| WHAT NEEDS TO BE DONE |
Please write the listing below out again exactly, leaving every picture behind.

| DATA EXCERPT |
# # # # # # #
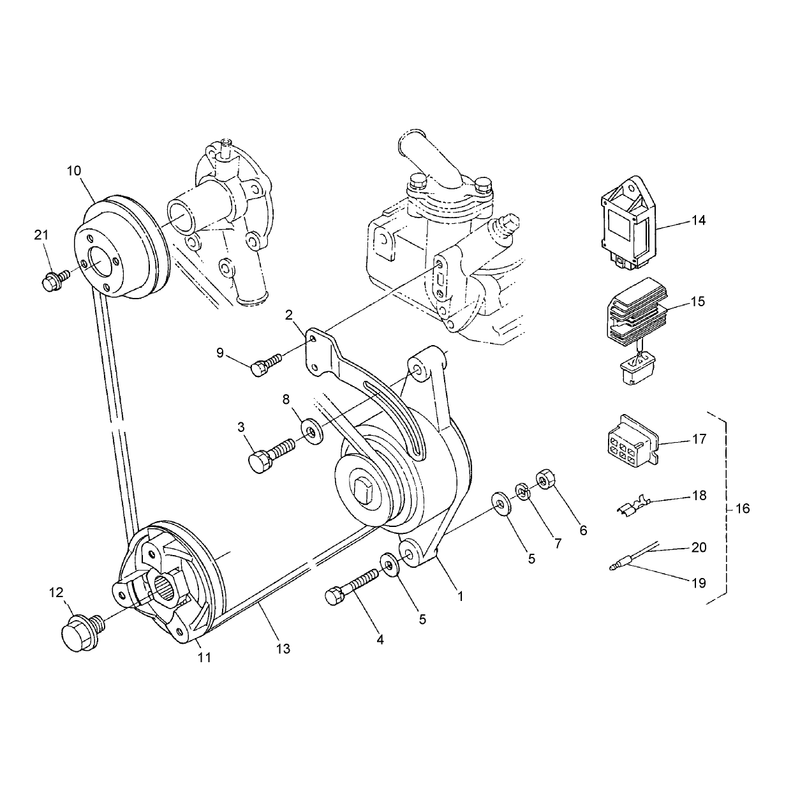 Dynamo Pulley Assembly
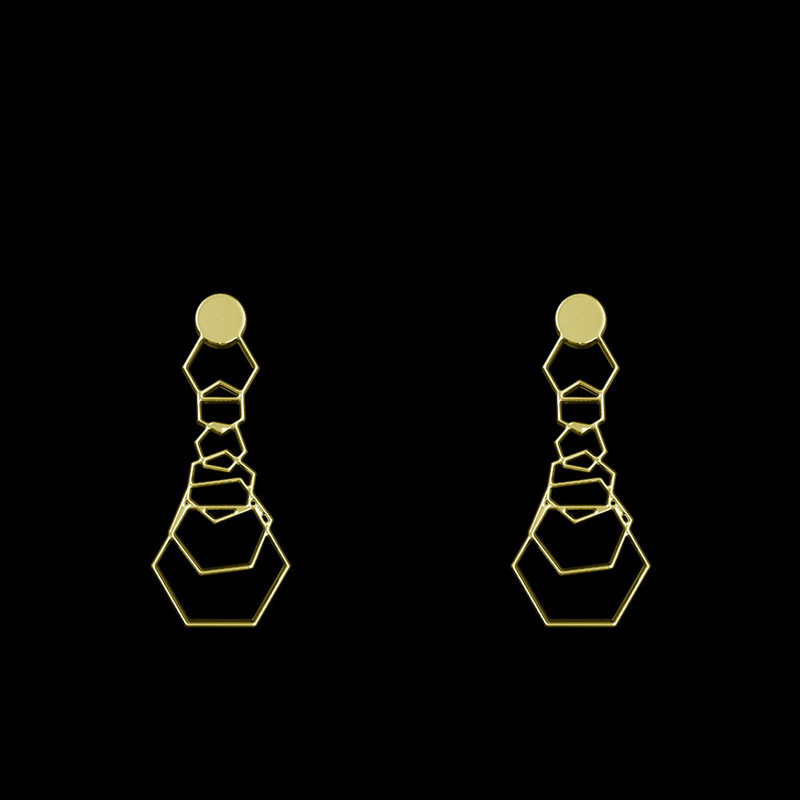 گوشواره طلا 18 عیار زنانه مدوپد مدل حلقه شش ضلعی کد GA1-12769 گوشواره طلا 18 عیار زنانه مدوپد مدل حلقه شش ضلعی کد GA1-12769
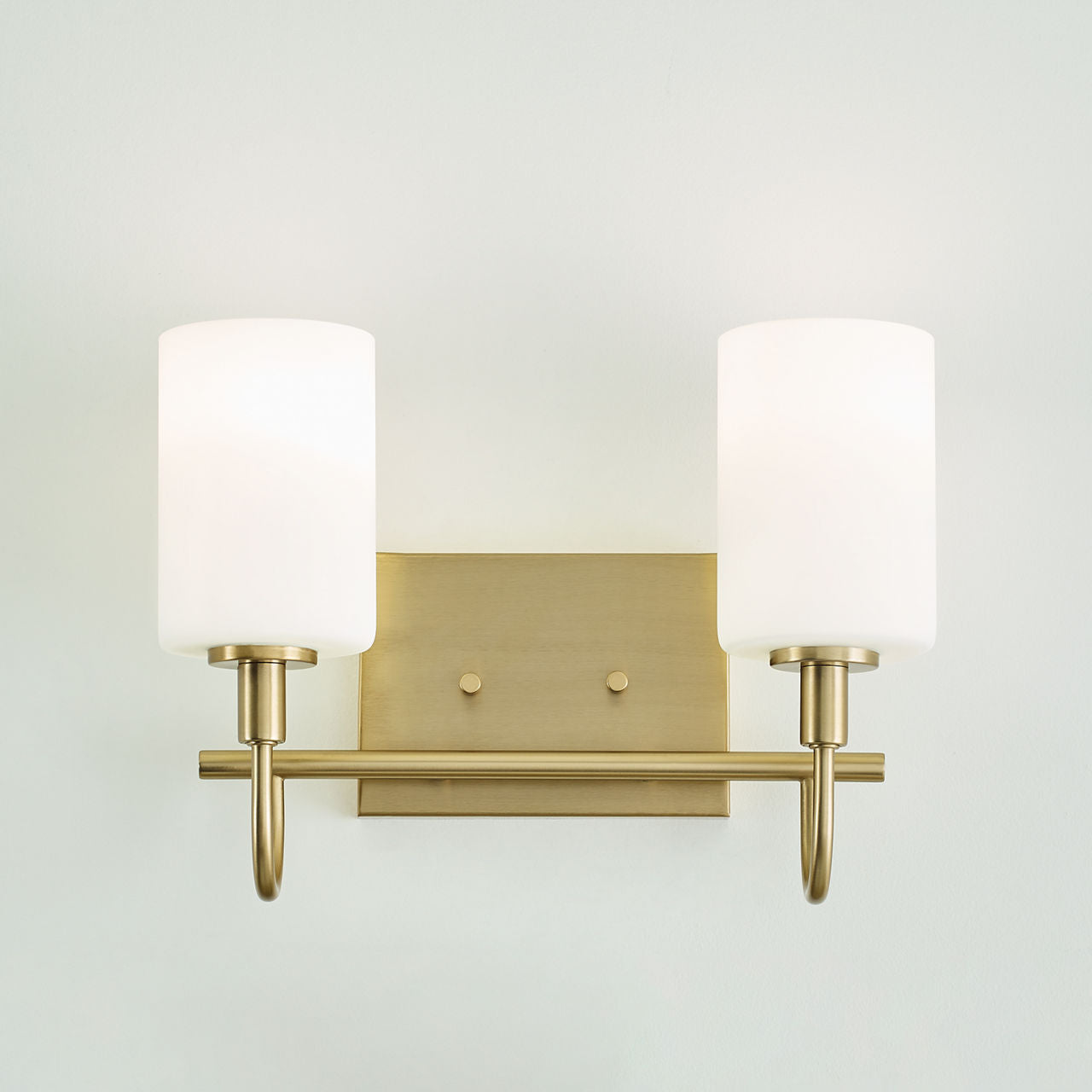 Oak Moore Two Light Wall / Bath Satin Brass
# # # # # # #
| YOUR SOLUTION |
 Dynamo Pulley Assembly
 گوشواره طلا 18 عیار زنانه مدوپد مدل حلقه شش ضلعی کد GA1-12769 گوشواره طلا 18 عیار زنانه مدوپد مدل حلقه شش ضلعی کد GA1-12769
 Oak Moore Two Light Wall / Bath Satin Brass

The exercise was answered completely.